**EXERCISE DATA**
/---

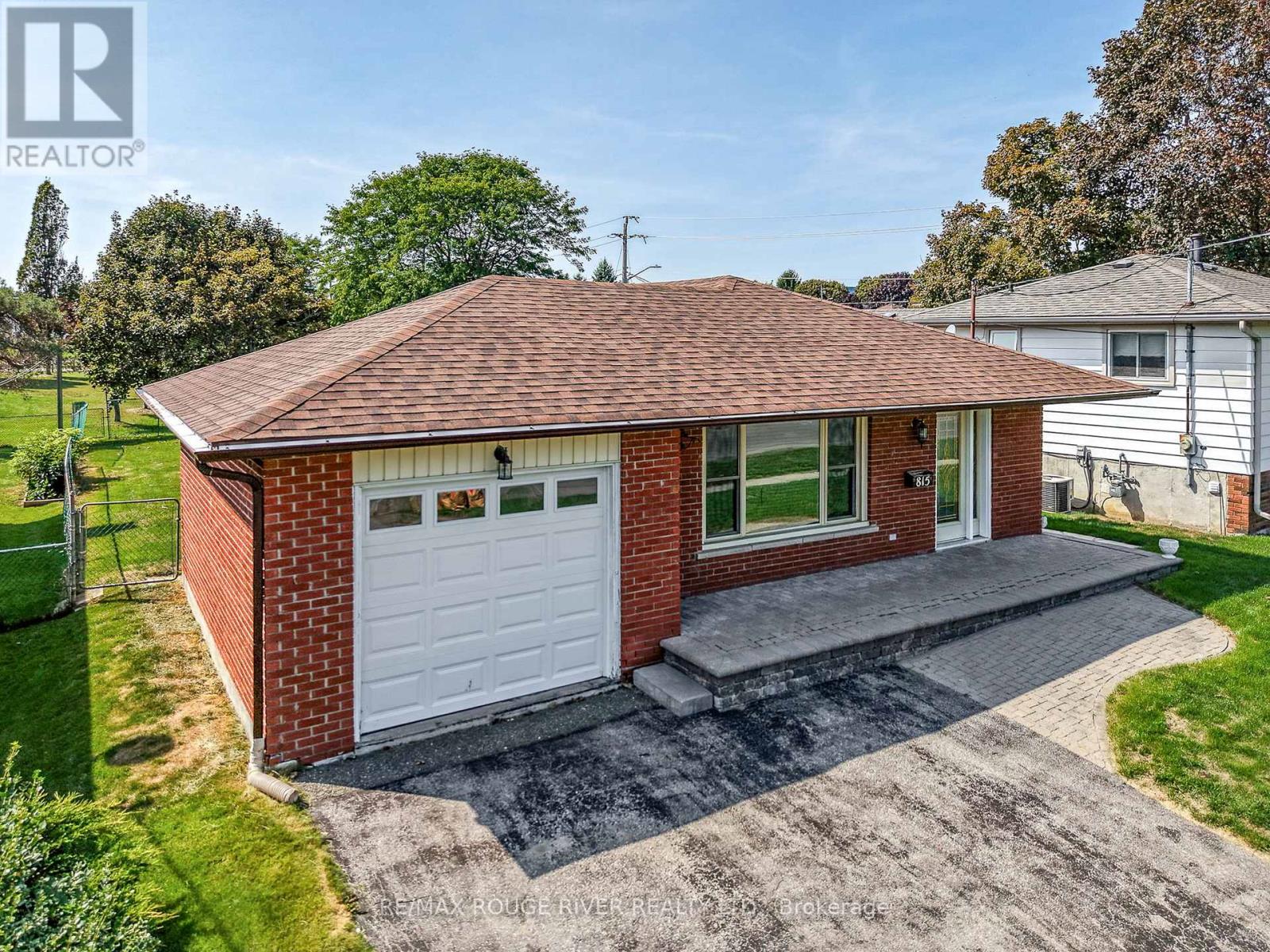 815 Westwood Drive, Cobourg, Ontario  K9A 4W1 - Photo 3 - X12910632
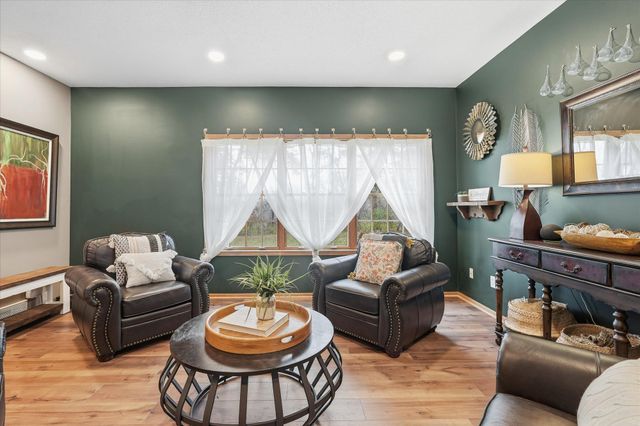 33814 Walbo Drive NW, Cambridge, MN 55008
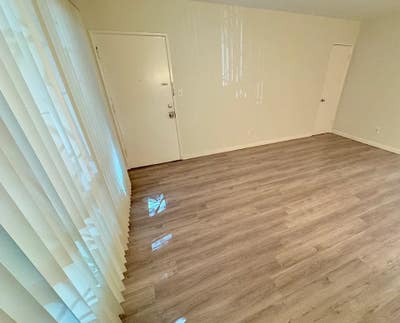 Clean Quiet Room – Utilities WiFi Included Main Photo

\---

**WORK ORDER**
The listing above should be repeated word for word, pictures removed.

**RESPONSE AREA**
 815 Westwood Drive, Cobourg, Ontario  K9A 4W1 - Photo 3 - X12910632
 33814 Walbo Drive NW, Cambridge, MN 55008
 Clean Quiet Room – Utilities WiFi Included Main Photo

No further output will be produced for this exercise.